Озорничали они одно время на уроках, ой как озорничали Г Словно на них какую порчу напустили. И увещевали, и наказывали строго — а им все неймется. Занимались они тогда в первую смену. Декабрьские ночи длинные, в школу бежишь — еще луна вовсю сияет, все окутано морозной мглой, лишь белые столбы дымов над трубами слегка оживляют тусклую пустынность вокруг. Первые уроки проходили трудно, в каком-то полусонном состоянии. И каждый радовался любому поводу оттянуть их начало.

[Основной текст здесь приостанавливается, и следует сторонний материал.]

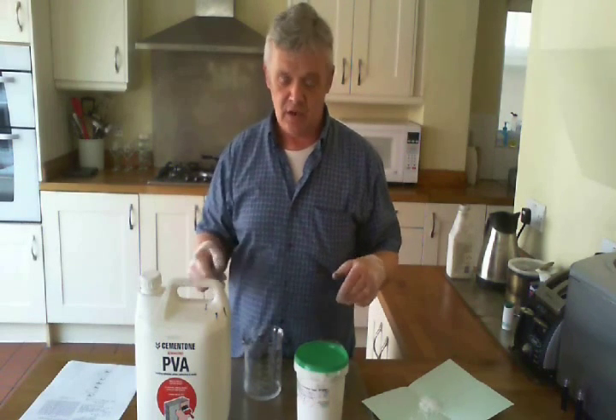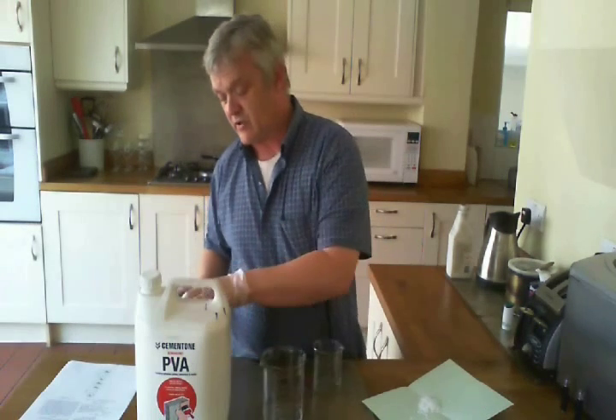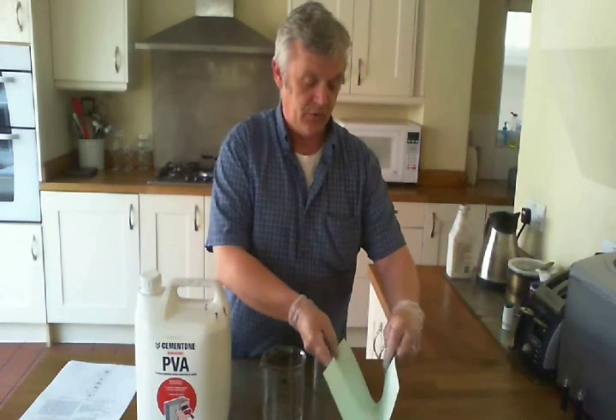The percentage of hydroxide — whether sodium or potassium — is 30% by weight in water. I've got 50 millilitres of water here and I've weighed out 50 grams of flake potassium hydroxide. All you do is add the potassium hydroxide to the water.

Однажды Левка с Пашкой пришли в школу раньше всех. Не включая света, Левка вывернул электролампочку над учительским столом, вогнал в патрон сломанное перо — устроил короткое замыкание — и снова поставил лампочку на место. Пашка бездумно помогал, поддерживал стул, на который взгромоздился его товарищ, светил ему спичкой. Потом вдруг до него дошло, что вначале сегодня — математика.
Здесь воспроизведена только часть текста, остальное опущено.